§ PROBLEM
Among the lines of data below, reproduce only those from the one with "Home with Office" through the one with "Мужской жилет Блинчики / 3D-Красный – фото 3", exactly as they stand, both ends included.

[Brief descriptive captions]
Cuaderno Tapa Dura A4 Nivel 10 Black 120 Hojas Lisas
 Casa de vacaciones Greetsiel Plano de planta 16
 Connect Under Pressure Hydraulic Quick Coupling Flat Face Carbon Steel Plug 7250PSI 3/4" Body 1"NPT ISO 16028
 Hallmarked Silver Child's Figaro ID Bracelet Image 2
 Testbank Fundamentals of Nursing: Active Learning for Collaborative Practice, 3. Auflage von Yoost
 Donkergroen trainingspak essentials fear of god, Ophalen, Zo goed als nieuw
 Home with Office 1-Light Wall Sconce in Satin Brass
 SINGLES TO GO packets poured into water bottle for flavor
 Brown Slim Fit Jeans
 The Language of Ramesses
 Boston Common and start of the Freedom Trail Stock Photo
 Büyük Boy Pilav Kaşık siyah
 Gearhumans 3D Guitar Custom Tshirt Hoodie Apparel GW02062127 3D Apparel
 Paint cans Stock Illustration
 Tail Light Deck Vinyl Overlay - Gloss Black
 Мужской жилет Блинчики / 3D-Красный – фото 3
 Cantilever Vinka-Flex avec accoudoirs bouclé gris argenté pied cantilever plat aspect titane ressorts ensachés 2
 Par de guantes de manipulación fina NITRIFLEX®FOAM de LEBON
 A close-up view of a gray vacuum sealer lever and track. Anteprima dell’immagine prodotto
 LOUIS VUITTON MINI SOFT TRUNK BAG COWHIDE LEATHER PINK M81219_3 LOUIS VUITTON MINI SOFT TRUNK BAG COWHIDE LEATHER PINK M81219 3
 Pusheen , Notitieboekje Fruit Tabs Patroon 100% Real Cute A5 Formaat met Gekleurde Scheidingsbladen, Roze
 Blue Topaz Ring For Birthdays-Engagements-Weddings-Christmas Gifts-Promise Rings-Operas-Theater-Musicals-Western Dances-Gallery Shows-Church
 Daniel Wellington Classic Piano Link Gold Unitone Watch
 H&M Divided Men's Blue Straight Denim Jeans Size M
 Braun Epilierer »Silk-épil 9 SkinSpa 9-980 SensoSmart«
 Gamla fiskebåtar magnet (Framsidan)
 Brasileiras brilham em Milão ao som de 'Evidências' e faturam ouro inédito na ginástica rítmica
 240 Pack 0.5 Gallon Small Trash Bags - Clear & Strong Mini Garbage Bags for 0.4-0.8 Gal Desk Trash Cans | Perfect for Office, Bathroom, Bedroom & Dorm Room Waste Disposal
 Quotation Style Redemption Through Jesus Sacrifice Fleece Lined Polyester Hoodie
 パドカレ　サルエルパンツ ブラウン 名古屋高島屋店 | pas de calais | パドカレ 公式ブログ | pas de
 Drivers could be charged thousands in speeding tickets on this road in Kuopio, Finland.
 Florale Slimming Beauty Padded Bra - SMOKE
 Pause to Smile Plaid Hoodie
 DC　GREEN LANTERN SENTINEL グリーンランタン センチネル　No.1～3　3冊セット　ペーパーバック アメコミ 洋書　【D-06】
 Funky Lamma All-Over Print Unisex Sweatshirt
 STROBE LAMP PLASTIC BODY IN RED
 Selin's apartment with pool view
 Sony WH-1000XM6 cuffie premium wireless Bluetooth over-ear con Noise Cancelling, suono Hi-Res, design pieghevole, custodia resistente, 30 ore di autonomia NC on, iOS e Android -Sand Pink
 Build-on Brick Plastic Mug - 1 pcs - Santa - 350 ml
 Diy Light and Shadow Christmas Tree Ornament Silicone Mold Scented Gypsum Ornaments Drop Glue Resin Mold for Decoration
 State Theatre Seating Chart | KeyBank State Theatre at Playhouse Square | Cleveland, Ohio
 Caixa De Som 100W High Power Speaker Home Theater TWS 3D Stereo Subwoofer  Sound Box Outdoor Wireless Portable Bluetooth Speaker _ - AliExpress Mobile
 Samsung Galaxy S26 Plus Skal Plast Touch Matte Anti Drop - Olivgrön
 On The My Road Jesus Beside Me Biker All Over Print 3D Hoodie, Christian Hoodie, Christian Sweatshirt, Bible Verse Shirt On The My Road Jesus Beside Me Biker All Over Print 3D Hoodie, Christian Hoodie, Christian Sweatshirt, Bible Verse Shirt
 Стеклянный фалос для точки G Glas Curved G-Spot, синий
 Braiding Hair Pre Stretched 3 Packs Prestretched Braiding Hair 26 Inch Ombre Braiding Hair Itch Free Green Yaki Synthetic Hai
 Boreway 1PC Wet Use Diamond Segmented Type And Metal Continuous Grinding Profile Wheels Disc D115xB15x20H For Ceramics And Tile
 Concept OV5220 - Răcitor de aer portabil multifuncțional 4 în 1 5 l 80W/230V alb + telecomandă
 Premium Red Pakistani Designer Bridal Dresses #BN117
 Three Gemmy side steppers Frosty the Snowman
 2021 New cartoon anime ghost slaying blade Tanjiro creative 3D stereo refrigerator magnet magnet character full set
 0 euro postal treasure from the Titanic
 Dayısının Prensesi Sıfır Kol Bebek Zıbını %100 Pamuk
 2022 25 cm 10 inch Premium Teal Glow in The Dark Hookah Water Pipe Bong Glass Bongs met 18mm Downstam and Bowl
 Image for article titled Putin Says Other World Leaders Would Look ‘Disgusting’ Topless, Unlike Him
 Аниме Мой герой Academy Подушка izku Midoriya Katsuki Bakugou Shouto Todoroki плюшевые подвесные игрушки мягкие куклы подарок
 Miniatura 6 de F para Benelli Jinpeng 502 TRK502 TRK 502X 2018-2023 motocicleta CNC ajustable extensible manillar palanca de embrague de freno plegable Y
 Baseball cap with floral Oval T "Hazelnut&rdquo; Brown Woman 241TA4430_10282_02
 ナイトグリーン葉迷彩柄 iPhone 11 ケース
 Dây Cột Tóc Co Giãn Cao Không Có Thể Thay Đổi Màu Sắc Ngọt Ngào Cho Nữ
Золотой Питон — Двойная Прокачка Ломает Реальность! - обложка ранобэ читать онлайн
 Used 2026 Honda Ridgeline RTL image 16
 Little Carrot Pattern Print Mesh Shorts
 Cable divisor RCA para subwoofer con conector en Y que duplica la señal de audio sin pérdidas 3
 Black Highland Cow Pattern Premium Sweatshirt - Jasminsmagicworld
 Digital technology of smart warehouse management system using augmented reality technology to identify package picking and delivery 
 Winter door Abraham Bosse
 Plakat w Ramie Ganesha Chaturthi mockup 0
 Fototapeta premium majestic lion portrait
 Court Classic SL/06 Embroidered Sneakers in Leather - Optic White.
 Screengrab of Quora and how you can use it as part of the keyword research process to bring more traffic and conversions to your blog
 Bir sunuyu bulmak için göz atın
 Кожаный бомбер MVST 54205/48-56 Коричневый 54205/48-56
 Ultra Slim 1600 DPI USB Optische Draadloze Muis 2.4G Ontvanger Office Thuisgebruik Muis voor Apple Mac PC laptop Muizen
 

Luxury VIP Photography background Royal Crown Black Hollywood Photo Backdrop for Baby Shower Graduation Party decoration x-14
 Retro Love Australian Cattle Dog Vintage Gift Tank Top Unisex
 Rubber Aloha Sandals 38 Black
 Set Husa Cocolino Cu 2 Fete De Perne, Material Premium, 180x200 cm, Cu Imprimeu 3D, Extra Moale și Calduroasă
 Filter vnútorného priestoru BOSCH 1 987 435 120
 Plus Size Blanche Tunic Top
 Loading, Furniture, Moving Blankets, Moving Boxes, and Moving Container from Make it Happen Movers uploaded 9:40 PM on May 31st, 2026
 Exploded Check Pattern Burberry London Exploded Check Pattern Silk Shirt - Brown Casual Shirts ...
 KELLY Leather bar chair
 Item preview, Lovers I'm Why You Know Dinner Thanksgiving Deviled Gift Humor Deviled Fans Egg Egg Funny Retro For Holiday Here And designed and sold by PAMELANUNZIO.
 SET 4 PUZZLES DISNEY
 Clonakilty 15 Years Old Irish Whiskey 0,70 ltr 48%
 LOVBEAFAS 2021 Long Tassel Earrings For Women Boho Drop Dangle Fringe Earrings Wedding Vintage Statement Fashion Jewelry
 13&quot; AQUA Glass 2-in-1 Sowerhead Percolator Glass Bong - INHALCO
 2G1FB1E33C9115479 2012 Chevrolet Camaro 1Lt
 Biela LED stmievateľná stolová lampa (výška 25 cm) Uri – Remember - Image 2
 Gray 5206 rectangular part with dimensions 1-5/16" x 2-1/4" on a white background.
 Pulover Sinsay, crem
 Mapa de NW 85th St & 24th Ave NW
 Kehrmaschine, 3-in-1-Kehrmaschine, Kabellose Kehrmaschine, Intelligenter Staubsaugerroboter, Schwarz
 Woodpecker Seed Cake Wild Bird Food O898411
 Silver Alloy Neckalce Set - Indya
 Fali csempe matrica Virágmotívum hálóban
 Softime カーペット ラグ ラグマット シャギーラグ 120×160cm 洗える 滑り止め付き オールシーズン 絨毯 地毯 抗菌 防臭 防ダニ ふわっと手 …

§ ANSWER TO THIS PROBLEM
 Home with Office 1-Light Wall Sconce in Satin Brass
 SINGLES TO GO packets poured into water bottle for flavor
 Brown Slim Fit Jeans
 The Language of Ramesses
 Boston Common and start of the Freedom Trail Stock Photo
 Büyük Boy Pilav Kaşık siyah
 Gearhumans 3D Guitar Custom Tshirt Hoodie Apparel GW02062127 3D Apparel
 Paint cans Stock Illustration
 Tail Light Deck Vinyl Overlay - Gloss Black
 Мужской жилет Блинчики / 3D-Красный – фото 3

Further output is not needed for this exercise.